▶ Problem details
Omit the pictures and retype only the lines from the one containing "Schwarzes Scott Mountain" through the end of the listing, both ends included.

▶ Provided data
* * * * * * *

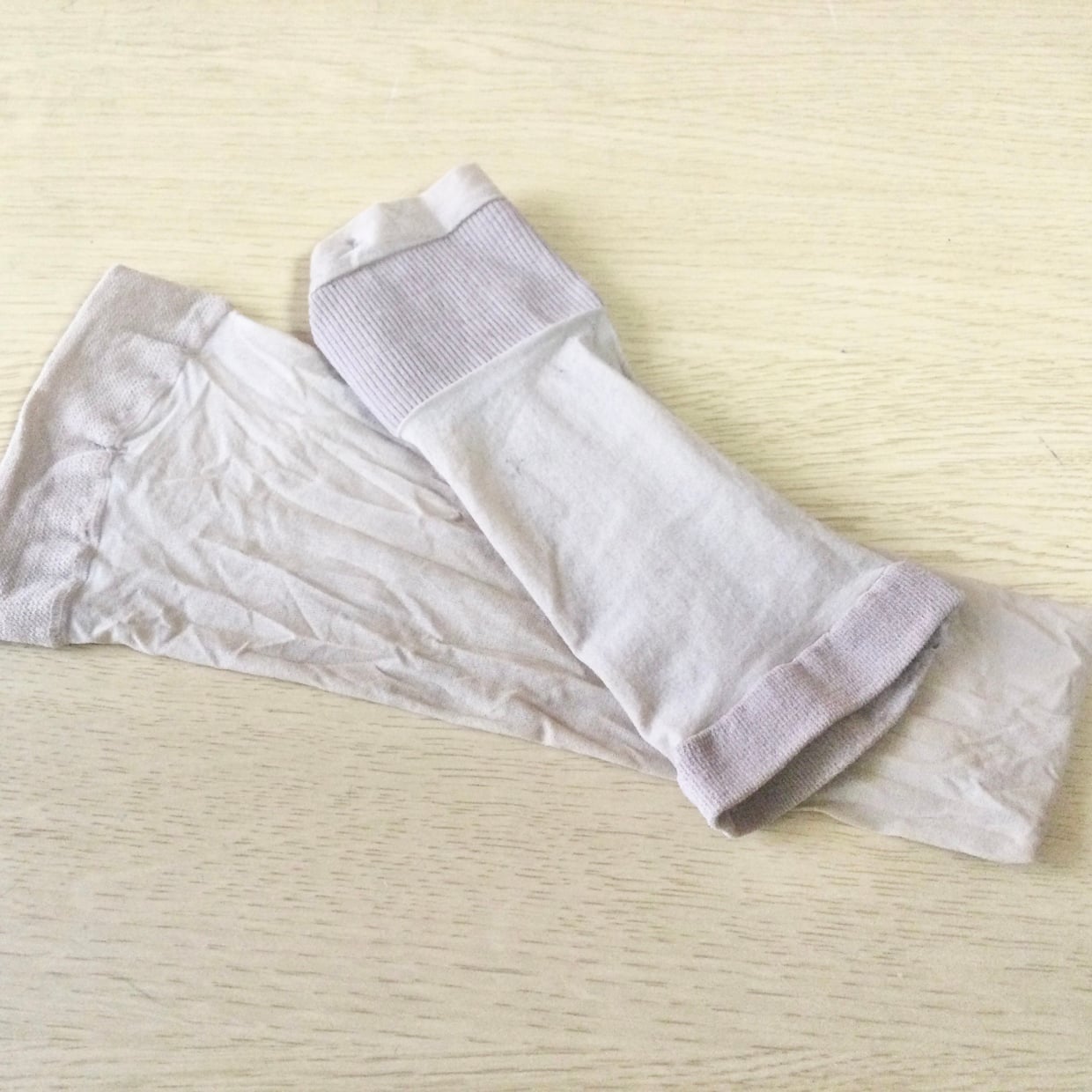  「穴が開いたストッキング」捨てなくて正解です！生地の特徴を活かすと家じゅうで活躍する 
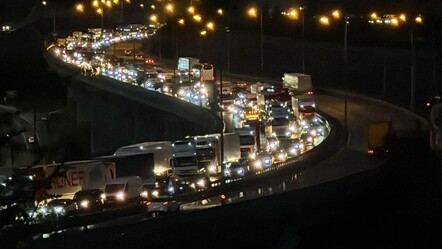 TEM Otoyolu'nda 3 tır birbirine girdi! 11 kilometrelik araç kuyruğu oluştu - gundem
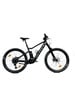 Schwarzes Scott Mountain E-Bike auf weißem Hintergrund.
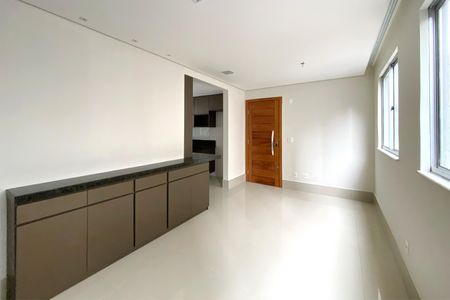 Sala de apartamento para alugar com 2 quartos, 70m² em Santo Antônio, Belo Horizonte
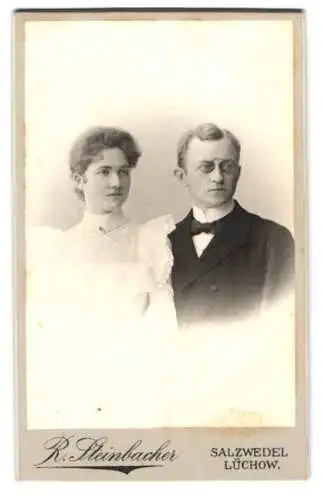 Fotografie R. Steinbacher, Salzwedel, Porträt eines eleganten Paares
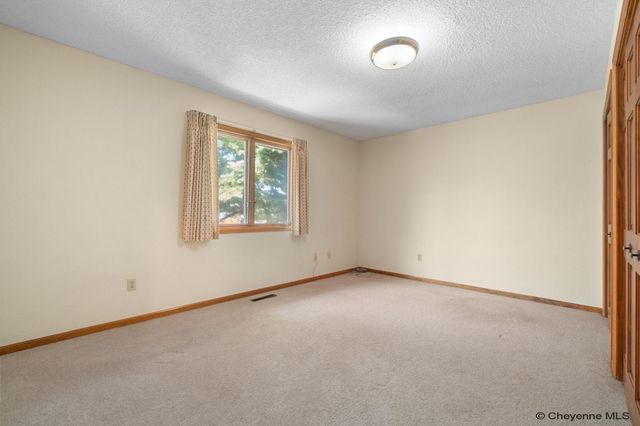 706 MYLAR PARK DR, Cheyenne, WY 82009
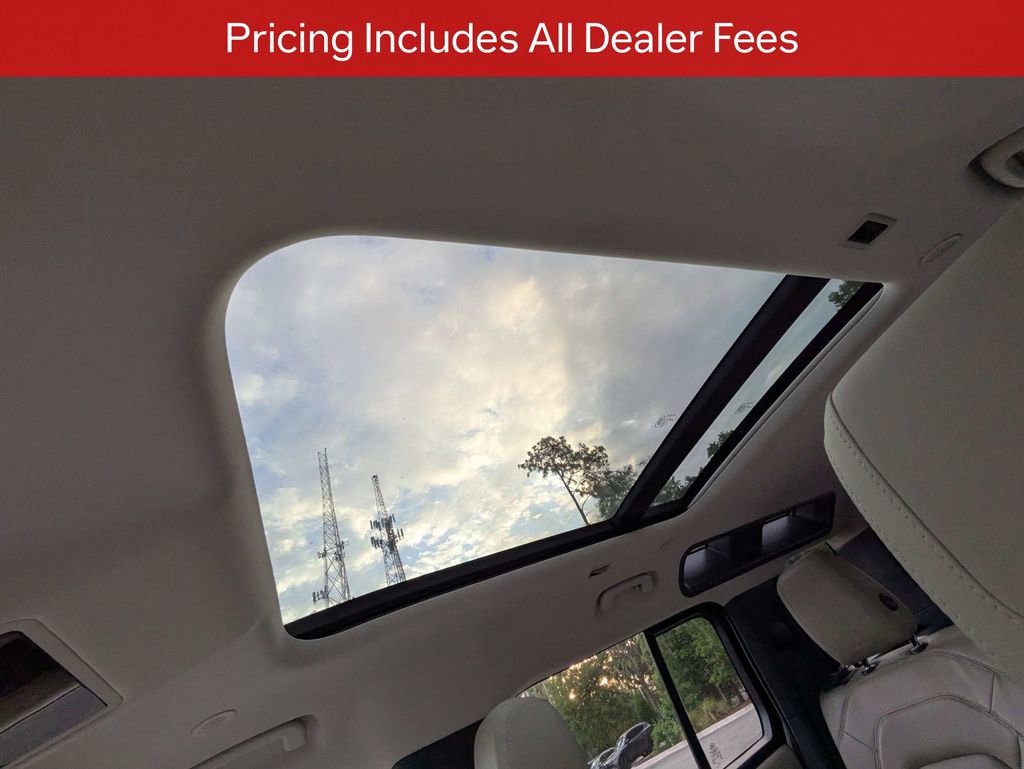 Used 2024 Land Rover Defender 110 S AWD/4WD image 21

* * * * * * *

▶ Answer section
 Schwarzes Scott Mountain E-Bike auf weißem Hintergrund.
 Sala de apartamento para alugar com 2 quartos, 70m² em Santo Antônio, Belo Horizonte
 Fotografie R. Steinbacher, Salzwedel, Porträt eines eleganten Paares
 706 MYLAR PARK DR, Cheyenne, WY 82009
 Used 2024 Land Rover Defender 110 S AWD/4WD image 21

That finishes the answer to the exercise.